Check the Linear regression introduction and how to use excel for linear regression.
In this post, let me explain how to use R programming for linear regression.
I am taking the same dataset in R to produce the linear regression.
Run the below codes.
Year<- c(2000,2001,2002,2003,2004,2005,2006,2007,2008,2009,2010)
SalesAmount<-c(1450,1486,1560,1200,1205,1100,1150,1750,1650,1500,1900)
#linear regression
result<-lm(SalesAmount~Year)
#display coefficient
result
# new value for year 2011
year2011 <- data.frame(Year=2011)
year2011
#predict the sales amount.
predict (result,year2011)
Before starting with linear regression, let us try to understand the machine learning concepts.
As of today, machine learning is one of the trending technologies as the applications are started to consume real-time data and deliver machine learning services.
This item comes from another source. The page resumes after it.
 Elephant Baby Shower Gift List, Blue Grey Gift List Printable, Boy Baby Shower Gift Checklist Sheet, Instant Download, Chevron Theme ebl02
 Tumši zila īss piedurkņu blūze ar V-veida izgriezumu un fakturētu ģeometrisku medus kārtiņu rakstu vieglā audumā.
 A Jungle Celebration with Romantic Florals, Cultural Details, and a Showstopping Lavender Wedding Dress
As part of machine learning, we have three different types of machine learning models available.
In Supervised Learning, the system tries to learn from the previous examples that are given.
Under supervised learning, we have classification and regression models.
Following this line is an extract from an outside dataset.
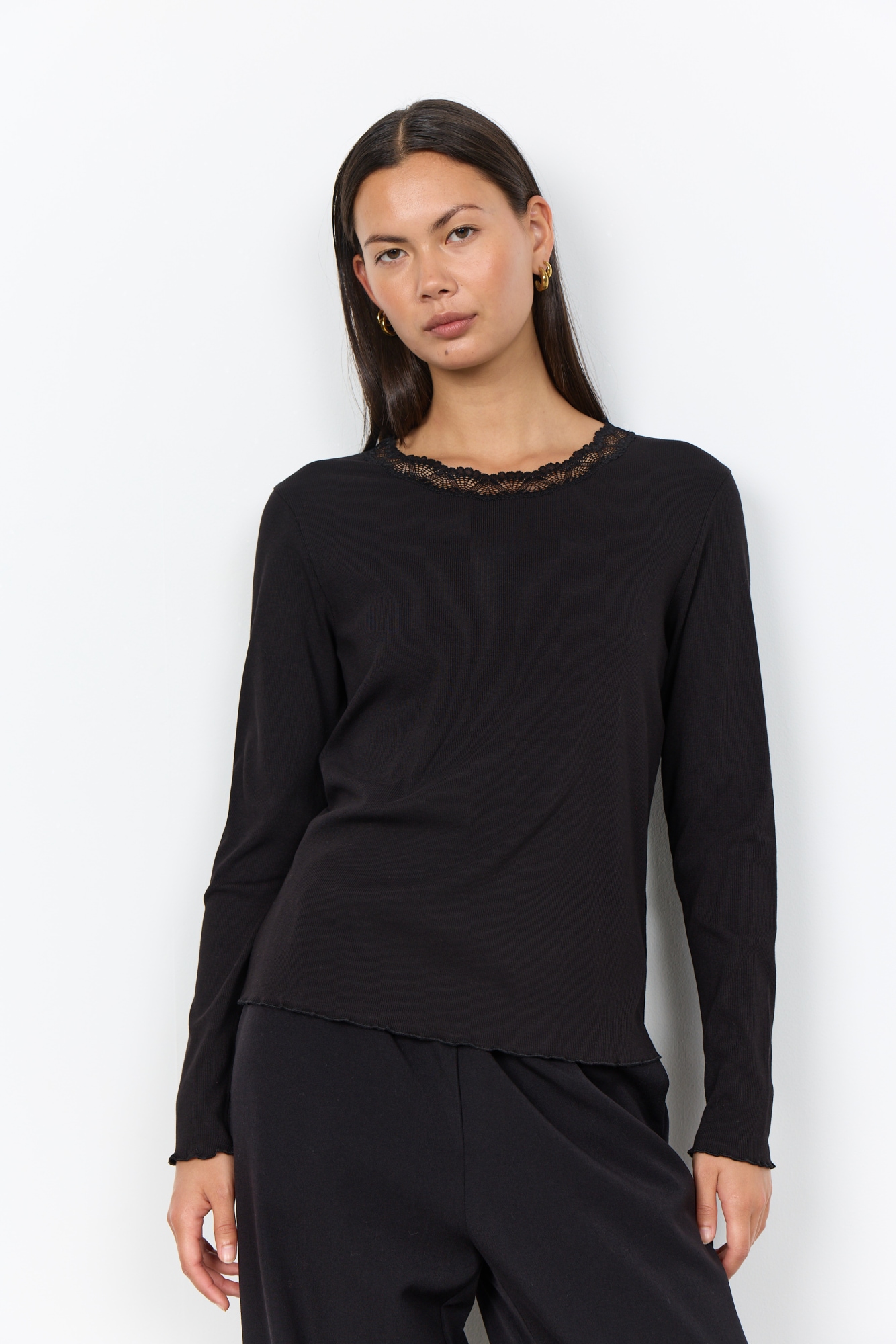 soyaconcept Langarmshirt "SC-CHANILLA 5" Baumwollmischung, Spitze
One of the common and simple techniques for predicting a continuous variable is called linear regression.
It assumes a linear relationship between the outcome and the predictor variables.
The linear regression equation can be written as y = b0 + b*x + e, where:
This post covers the linear regression on excel and R studio.
Linear Regression on Excel
Follow the below steps to perform the linear regression in excel
Step 1: Consider you have year wise sales amount. You are in the situation to predict the sales amount for the year 2011.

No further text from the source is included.